The next event in the method of FIG. 3 occurs when a participant “B” requests control of the floor (block 52). The moderator may be alerted to this request in a variety of different ways, for example, via a visual indicator on a graphical user interface. Regardless of how the conference moderator becomes aware of the participant's request for floor control access, when the moderator acts upon this request and grants floor control to participant “B” (block 53), the following occurs. The moderator console (e.g., GUI) sends a message to the conference server, causing the server to implement the signaling required to take the endpoint device of participant “B” from a receive-only to a send & receive mode of operation. At the same time, the media channel of participant (endpoint) “A” is re-negotiated from send & receive to receive-only (block 54).
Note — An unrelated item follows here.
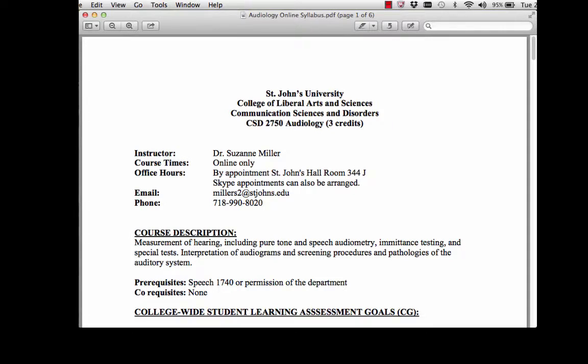Introduction to Audiology, CSD 2750. This is a three credit course and I am Dr. Suzanne Miller.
Practitioners in the art will appreciate that the method described above may be completely automated by the conferencing system in accordance with a floor control algorithm or floor control access system. In other words, it is not necessary that a conference moderator act to grant individual floor control access to participants on a continual basis.

By way of further example, FIG. 5 illustrates a graphical user interface (GUI) 71 associated with an application running on a PC of a conference moderator according to a specific implementation. GUI 71 includes respective floor request queue and active speaker fields 73 and 72, respectively. Floor request queue 73 is shown populated with the names of four participants (i.e., Ron Jones, Alice Smith, John Doe, and Sanjay Prasat) who have clicked a button on their endpoint devices to request floor control grant, i.e., active speaker, status. The one participant (Bill Johnson) shown in the active speaker field 72 represents the only endpoint that has a bidirectional media channel, meaning that the endpoint of the active speaker is both sending/receiving video packets to/from the media mixer. In one possible implementation of GUI 71, the conference moderator may click on a name in floor request queue 73 to make that person the new active speaker, thereby moving the current active speaker out of a field 72.
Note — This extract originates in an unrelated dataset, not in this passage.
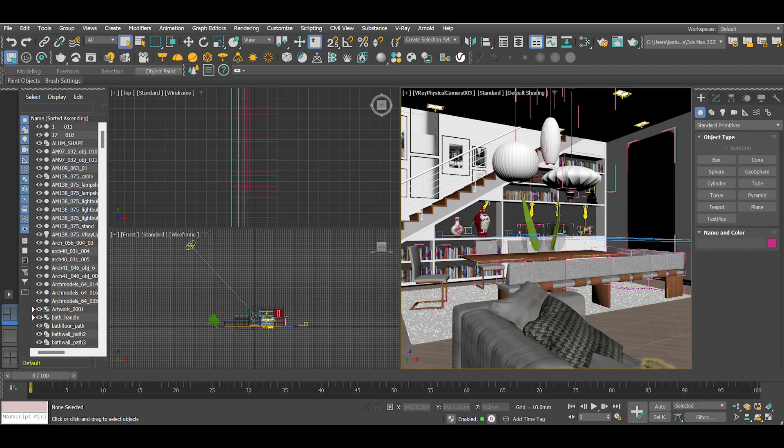Today we are creating a realistic mirror material in 3ds Max and V-Ray.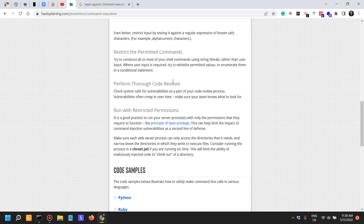Perform thorough code reviews and check system calls for vulnerabilities. Most automated code review testing will fail when it comes to such circumstances — I challenge you to prove me wrong in the comments. If you know of an automated solution for secure code review, tell me about it. From my penetration testing work, I've found that manually reviewing code gives much more satisfaction and greater results. Vulnerabilities often creep in over time, so make sure your team knows what to look for.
In accordance with another embodiment of the present invention, the conference server, upon detecting an active participant in the conference session, signals all non-active endpoints to suppress their video transmission towards the conference bridge (mixer) by setting the media direction parameter of those endpoints to receive-only. The mixer basically detects the one or more loudest speakers in the conference session and designates them the active speaker(s). The conferencing server then signals the non-active endpoints to suppress the video streaming output from the other endpoints to the mixer or conference bridge. As the active speaker status dynamically changes during a conference session, media channel characteristics of the various endpoints are appropriately renegotiated.

FIG. 4 is a flowchart diagram of a method of operation according to the above-described embodiment of the present invention. The process begins at block 61, where a participant “A” is the active speaker (e.g., based on a detection algorithm that determines participant “A” is currently speaking the loudest). By virtue of its active speaker status, the endpoint associated with participant “A” is enabled by the conference server to send and receive video packets to the conference bridge. All other endpoints have been instructed, via signaling, to suppress video output. At block 62, the media mixer detects that participant “B” is now the loudest speaker in the conference. As a result, the server renegotiates the video media channels for both “A” and “B” such that participant “A” goes from a bidirectional to a unidirectional video channel, while participant “B” goes from unidirectional to a bidirectional video channel (block 63). (Audio channels remain bidirectional at all times.)

Note that in this embodiment the audio streams from each of the endpoints to the mixer are bidirectional, but the video streams are selectively controlled via signaling of the conferencing server such that each endpoint operates in either a receive-only or a send/receive video streaming directional mode. Practitioners in air will appreciate that the change in video transmission directional mode (e.g., unidirectional or bidirectional) for the involved participants may take place in accordance with a variety of different protocols and different signaling mechanisms. This may simply involve the conference server sending a request message to the endpoint device to stop sending Real-Time Transport Protocol (RTP) packets. For instance, in a Session Initiation Protocol (SIP) environment, a reINVITE or UPDATE message may be sent to an endpoint device to suppress and re-enable video transmission. In SIP, a method for suppression and enablement of a video stream may include a MIME-encoded body part containing Session Description Protocol (SDP). The SDP, in turn, contains information about each media stream. One item of the media stream description concerns the directionality of the media. Therefore, by changing a video media stream description marked as “send/recv” to one marked as “send-only” or “recv-only”, either the server or the endpoint can convert a bidirectional video stream to a unidirectional one. Similar, by changing the video media stream description back to “recv-only”, bidirectional flow of video can be restored.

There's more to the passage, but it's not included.